Using "simulation.json"
The JSON file is just a human-readable and editable plain text file. The easiest way is to use a code editor, such as vim, VSCode, etc., to open, read and edit it.
To use it in a programming language, find a JSON parser for that language and parse the file content into objects in the language. For example, in Python, we can use the built-in "json" module:
import json
with open('simulation.json', 'r') as f:
sim_meta = json.load(f)
sim_meta
Output:
{
'formal_name': 'ELUCID-DMOL0500N3072',
'simulation_definition': {
'cosmology': { 'name': 'WMAP5', 'hubble': 0.72, 'omega_m0': 0.258, ...},
'is_baryon': False,
'n_snapshots': 101, 'mass_table': [0.0, 0.03087502, 0.0, 0.0, 0.0, 0.0],
'box_size': 500.0, ...
}, ...
}
The parsed "sim_meta" is just an ordinary Python "dict". We can, for example, get the cosmological parameters as:
sim_meta['simulation_definition']['cosmology']
Output:
{'name': 'WMAP5', 'hubble': 0.72,
'omega_m0': 0.258, 'omega_l0': 0.742, 'omega_b0': 0.044,
'sigma_8': 0.8, 'n_spec': 0.96, 't_cmb': 2.725}
Navigating Data on Shell
To have a quick look of the data, use h5ls command that comes with HDF5 installation to list the data group and datasets in the simulation root file "simulation.hdf5":
$ h5ls simulation.hdf5
Header Group
Snapshots Group
Trees Group
To look at all data groups and datasets below a certain level, use the recursive option "-r", and a "/" separarated path followed by the file name to specify the target data group.
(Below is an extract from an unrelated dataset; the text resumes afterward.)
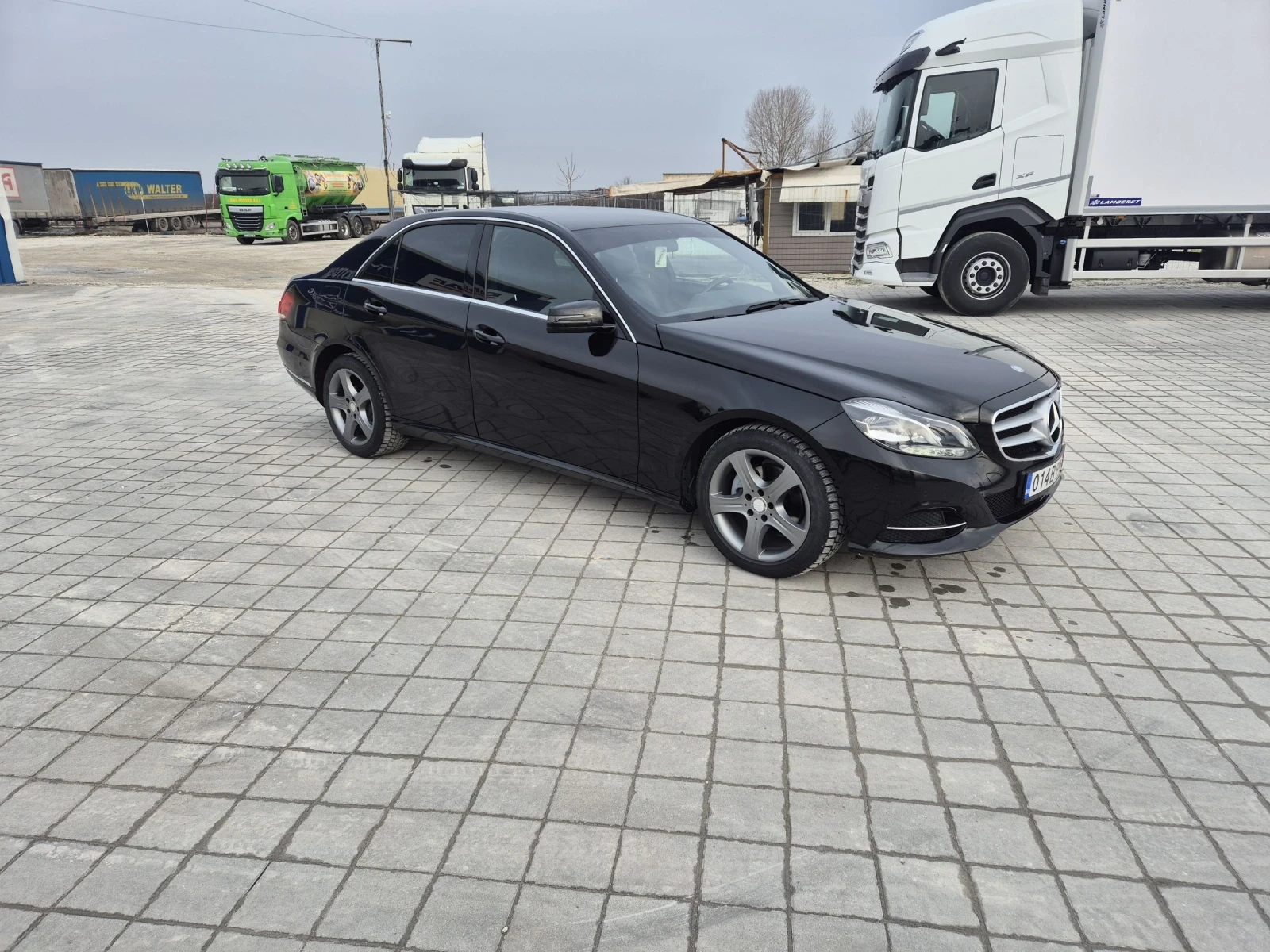 Mercedes-Benz E 220 2.2, снимка 16 - Автомобили и джипове - 55158101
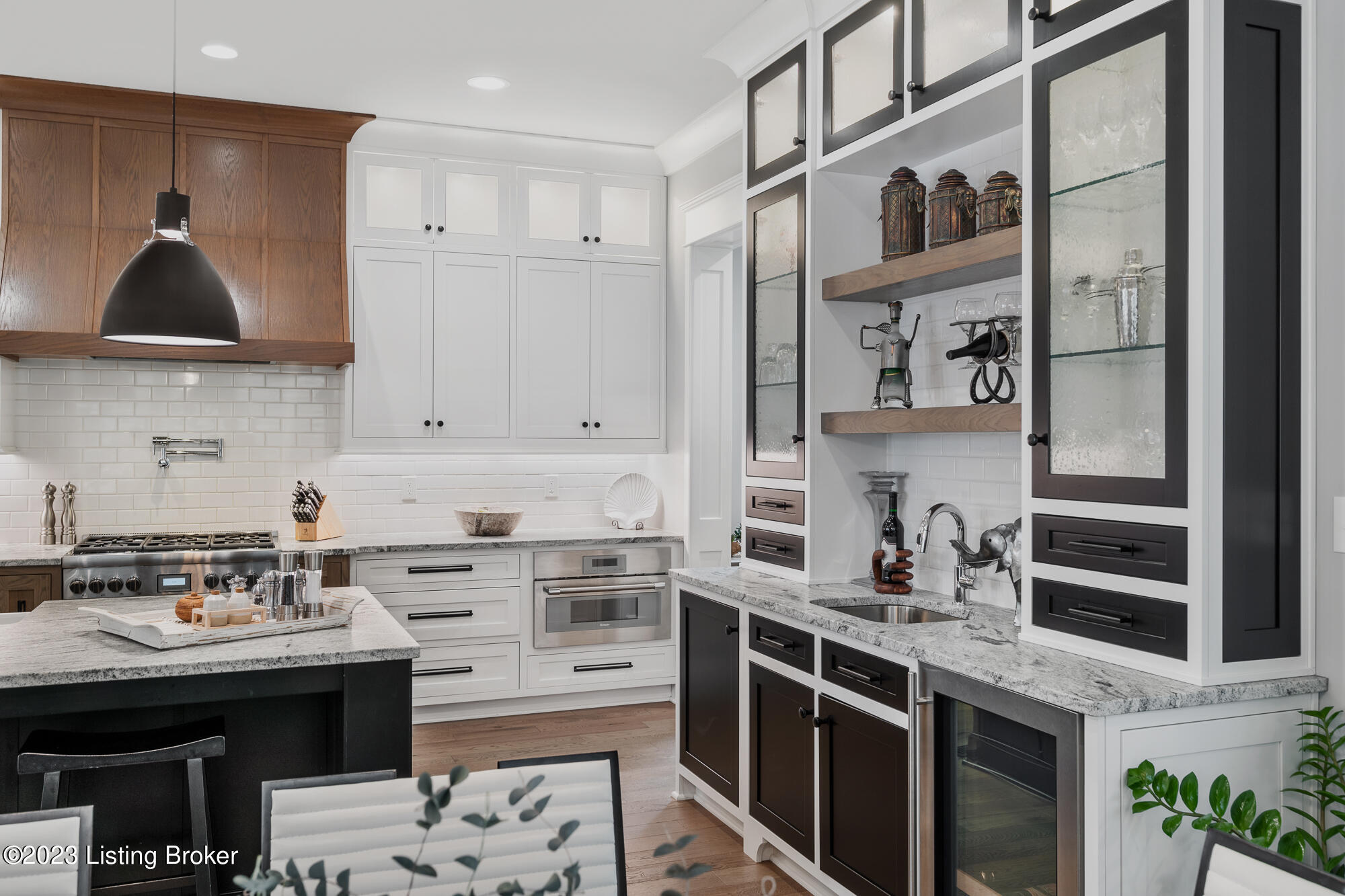 6417 Passionflower Dr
For example, to see the data groups and datasets in the first chunk of the SubLink trees, type:
$ h5ls -r simulation.hdf5/Trees/SubLink/0
/Header Group
/Header/HaloOffsetInTree Dataset {18326}
/Header/NumHalosInTree Dataset {18326}
/Subhalos Group
/Subhalos/Descendant Dataset {1715555}
/Subhalos/FileNr Dataset {1715555}
/Subhalos/FirstHaloInFOFgroup Dataset {1715555}
/Subhalos/FirstProgenitor Dataset {1715555}
...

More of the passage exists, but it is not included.